(Beginning of Data shown)

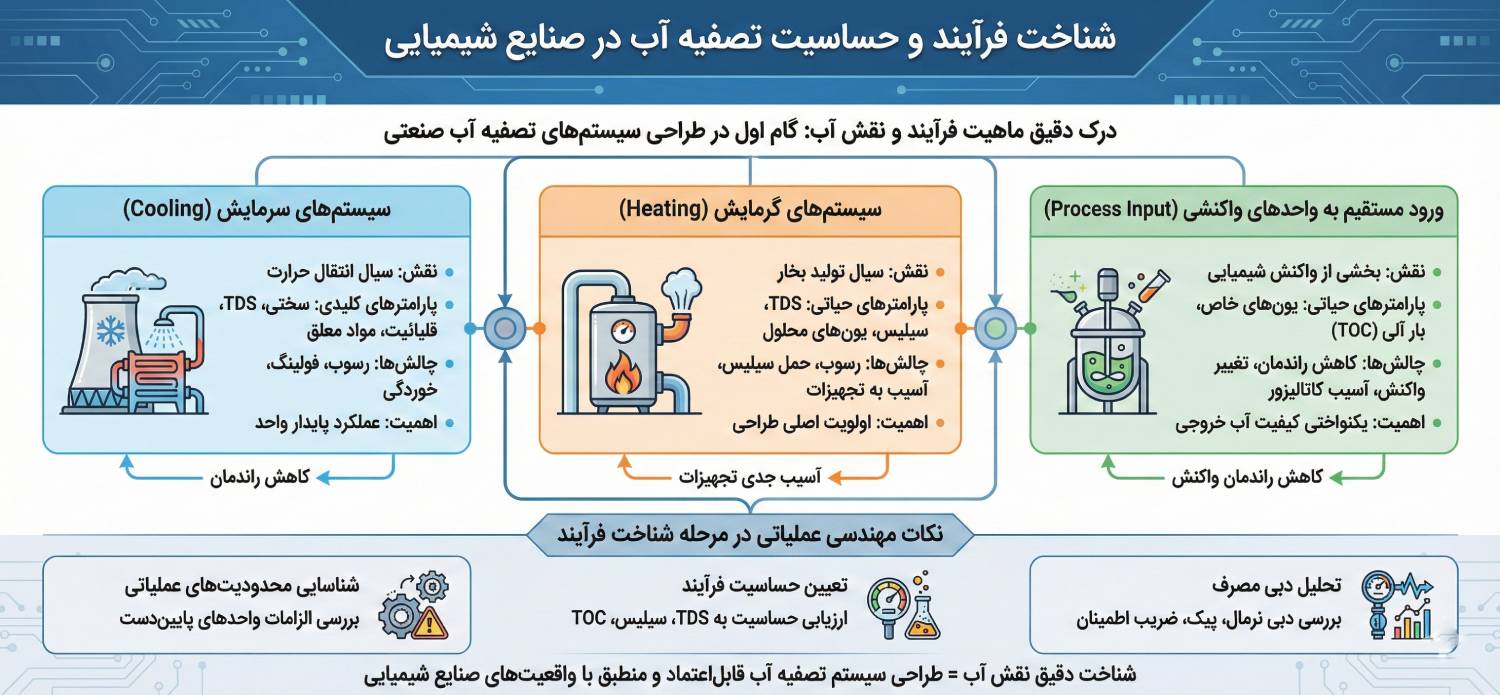 &nbsp;شناخت فرآیند و حساسیت&nbsp;تصفیه آب در صنایع شیمیایی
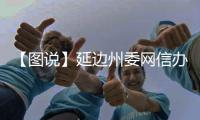 【圖說】延邊州委網(wǎng)信辦致全州網(wǎng)民的倡議書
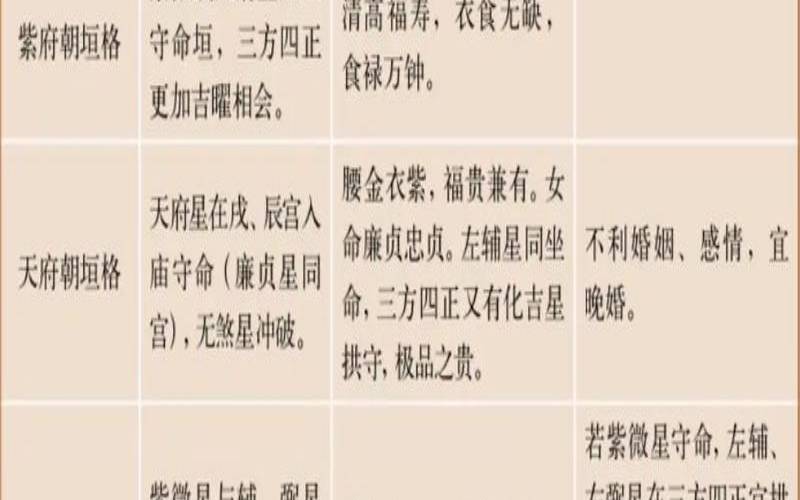 紫微命格命格查询表（紫微斗数上等命格）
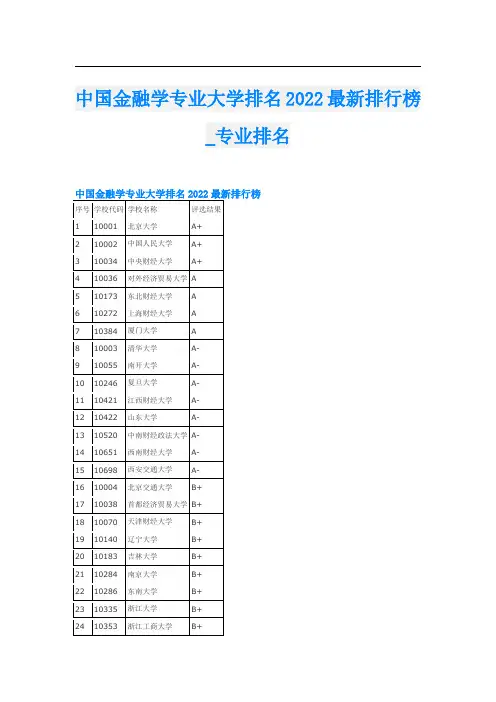 中国金融学专业大学排名2022最新排行榜_专业排名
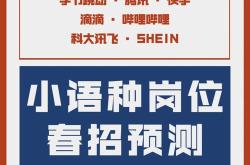 月薪过万，大厂游戏文案岗位的魅力与挑战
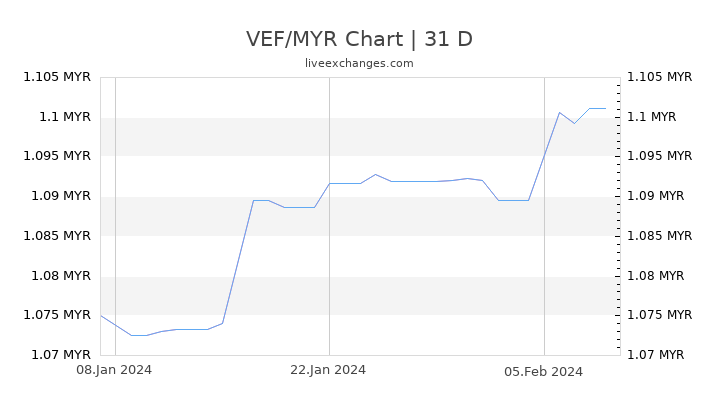 VEF/MYR Chart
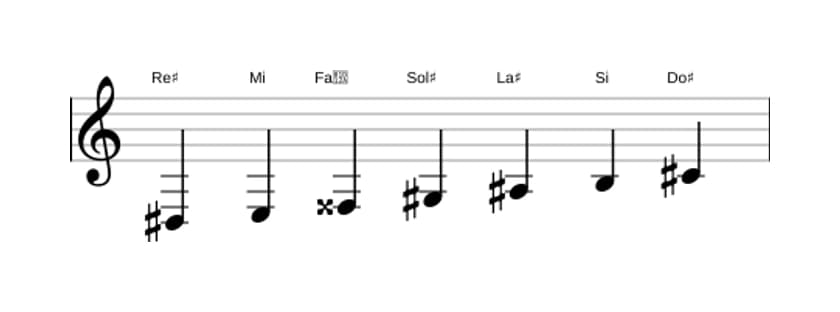 Partitions de la gamme Re dièse Phrygien dominante en trois octaves (3)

(End of Data shown)

# Exercise prompt
The answer must consist solely of the lines from the line containing "月薪过万，大厂游戏文案岗位的魅力与挑战" to the end of the data, reproduced exactly, with every picture left out.

# Task answer
 月薪过万，大厂游戏文案岗位的魅力与挑战
 VEF/MYR Chart
 Partitions de la gamme Re dièse Phrygien dominante en trois octaves (3)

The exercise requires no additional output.